TASK DIRECTIONS.
Please, in the data that follows, copy exactly the lines from the line with "Baby with measles" through the last one, both included. Do not include pictures.

[Web page caption snippets]
================================

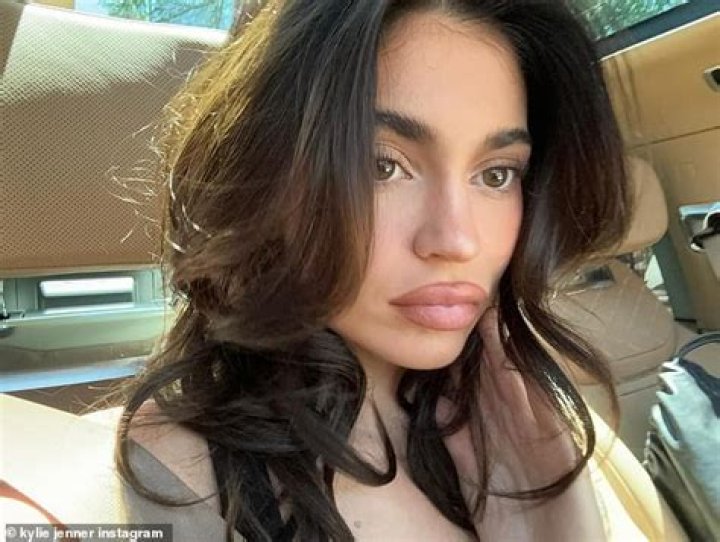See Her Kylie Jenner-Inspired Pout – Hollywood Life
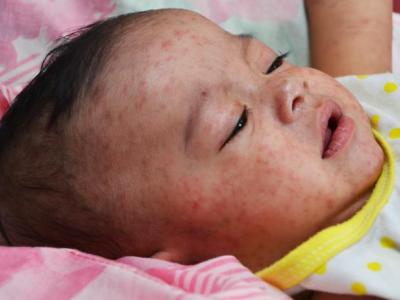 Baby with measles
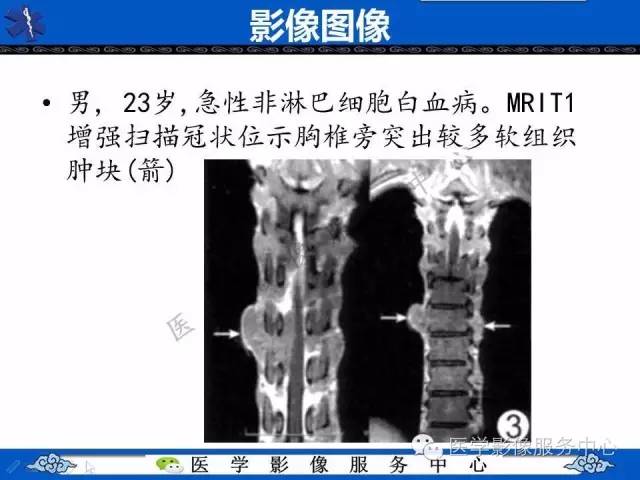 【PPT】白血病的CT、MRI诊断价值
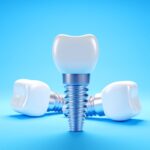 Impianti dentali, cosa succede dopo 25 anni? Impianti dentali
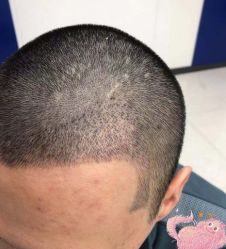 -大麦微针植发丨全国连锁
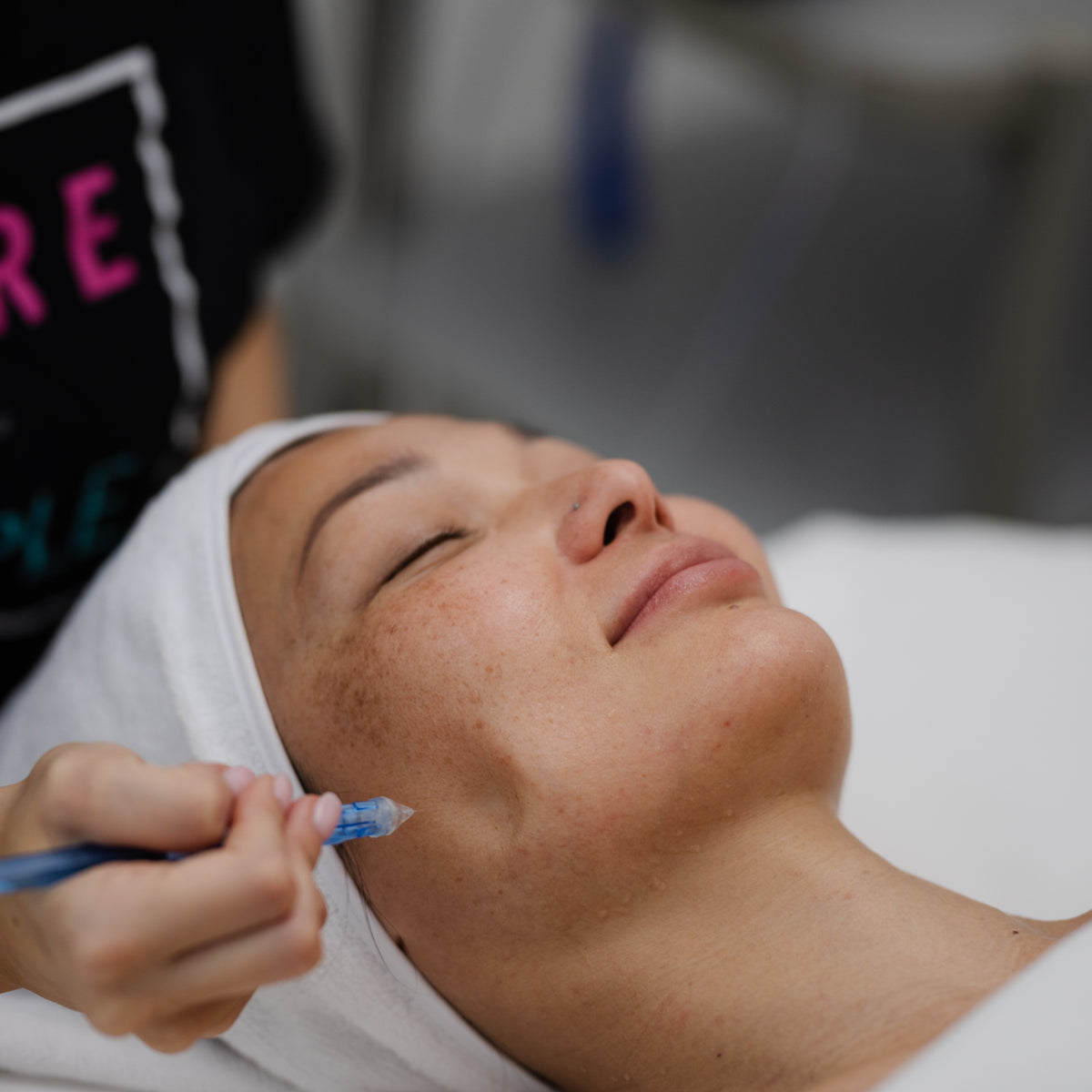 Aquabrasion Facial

================================

SOLUTION.
 Baby with measles
 【PPT】白血病的CT、MRI诊断价值
 Impianti dentali, cosa succede dopo 25 anni? Impianti dentali
 -大麦微针植发丨全国连锁
 Aquabrasion Facial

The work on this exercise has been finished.